Assignment: All lines from the one that contains "Заколка краб для волосся Luvete (338185148)" through the close of the entries below are to be repeated exactly, without any pictures.

Data extract:
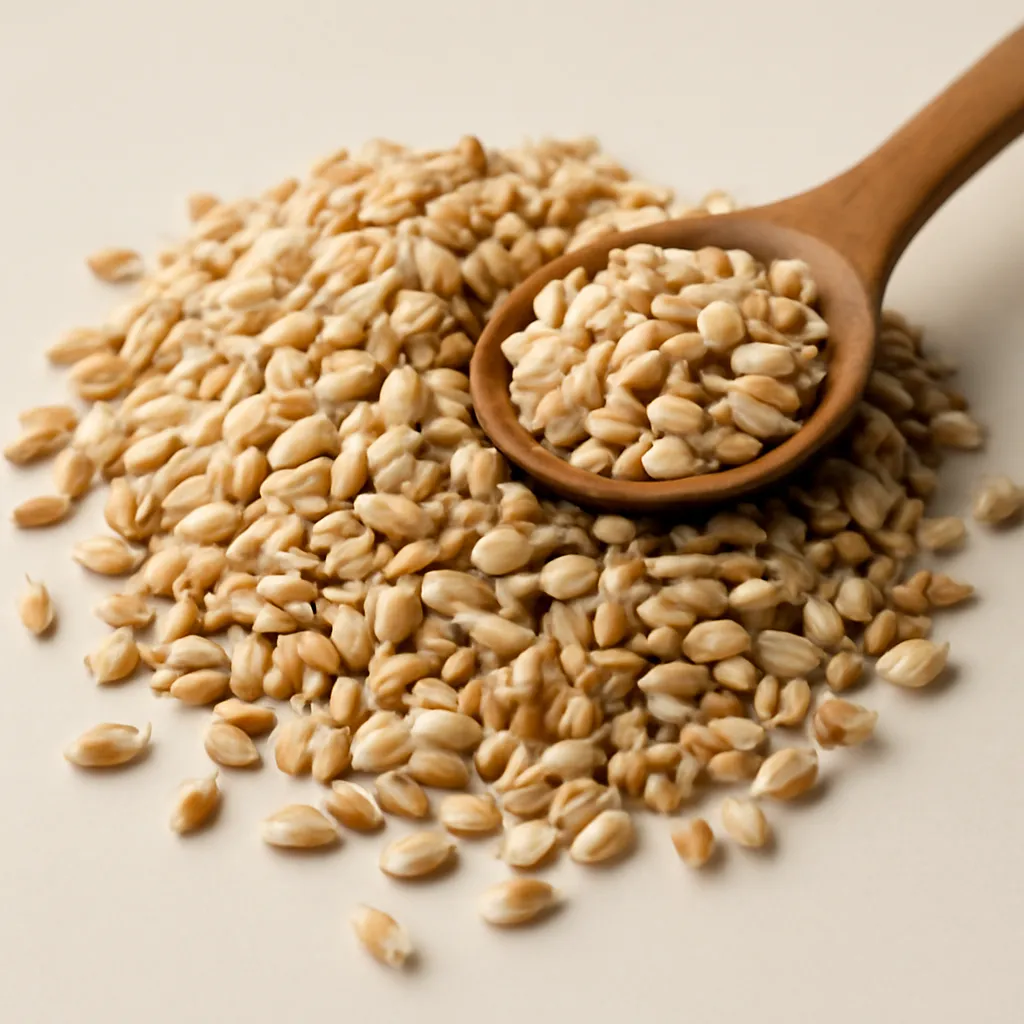 Barley groats - photo 2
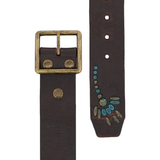 Hudson Belt in Black | Bed|Stü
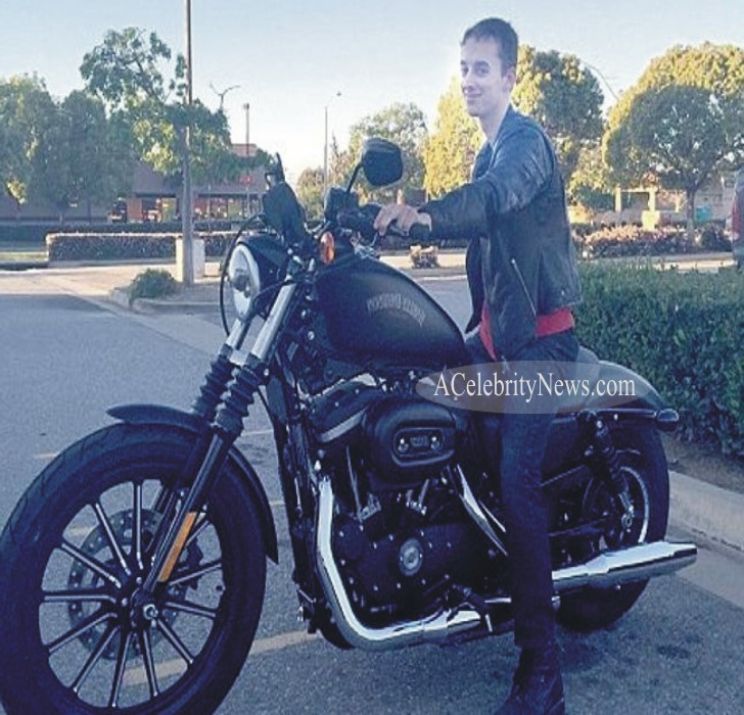 Sawyer Sweeten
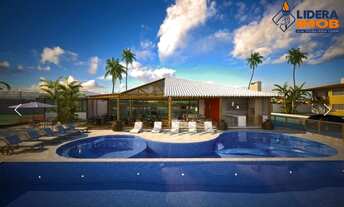 Imagem 3: Terreno no Sim, para Venda, Com Área Total de 230 m², no Condomínio Summer Park, na Aven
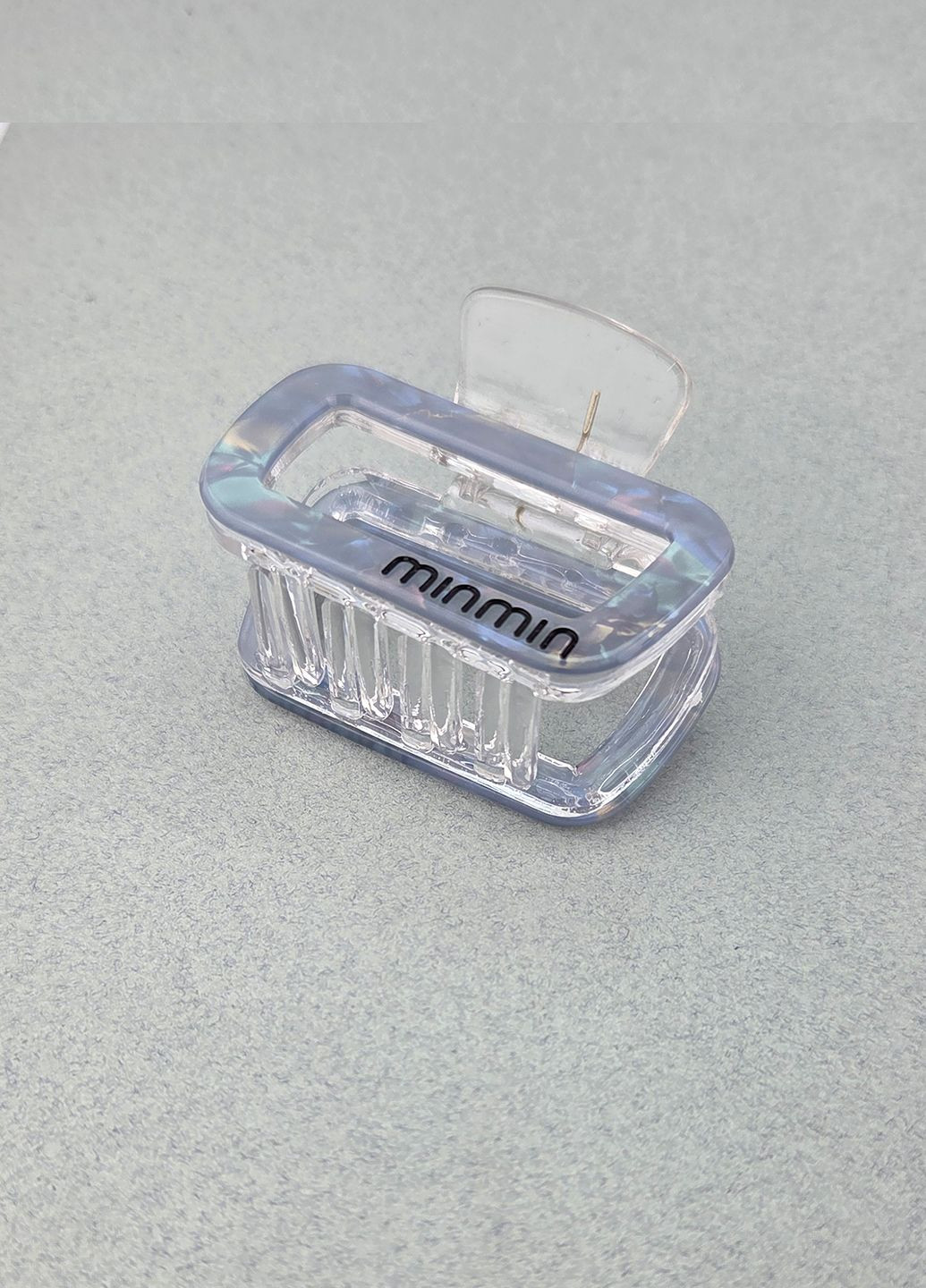 Заколка краб для волосся Luvete (338185148)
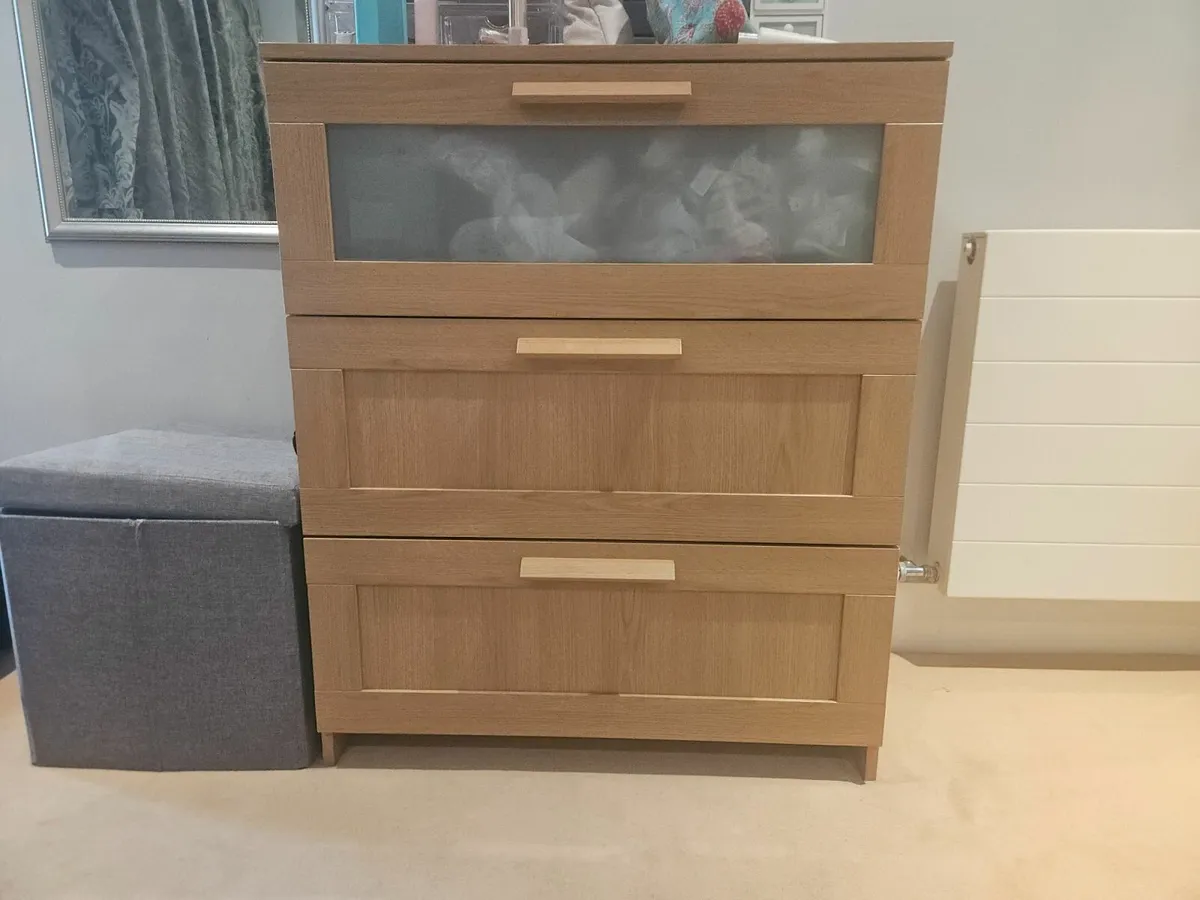 Chest of drawers - Image 2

Final answer:
 Заколка краб для волосся Luvete (338185148)
 Chest of drawers - Image 2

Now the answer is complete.